What is expected:
Line by line, give the data again exactly as it appears, but without pictures.

Raw data:
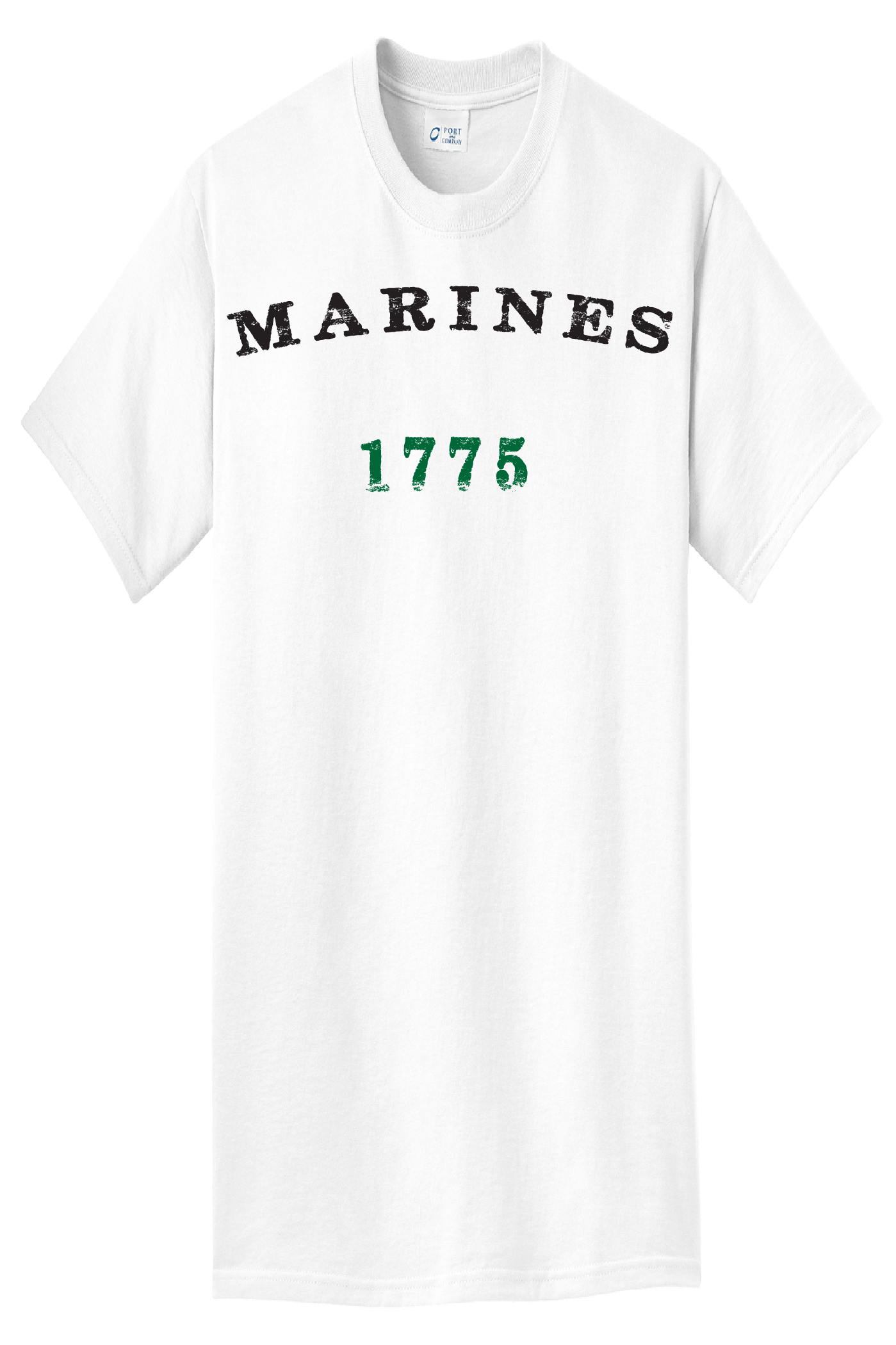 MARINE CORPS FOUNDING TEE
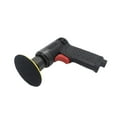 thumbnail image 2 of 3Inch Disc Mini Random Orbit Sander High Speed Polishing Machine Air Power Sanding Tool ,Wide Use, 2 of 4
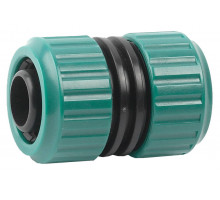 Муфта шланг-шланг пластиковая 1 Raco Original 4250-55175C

Result of this task:
 MARINE CORPS FOUNDING TEE
 thumbnail image 2 of 3Inch Disc Mini Random Orbit Sander High Speed Polishing Machine Air Power Sanding Tool ,Wide Use, 2 of 4
 Муфта шланг-шланг пластиковая 1 Raco Original 4250-55175C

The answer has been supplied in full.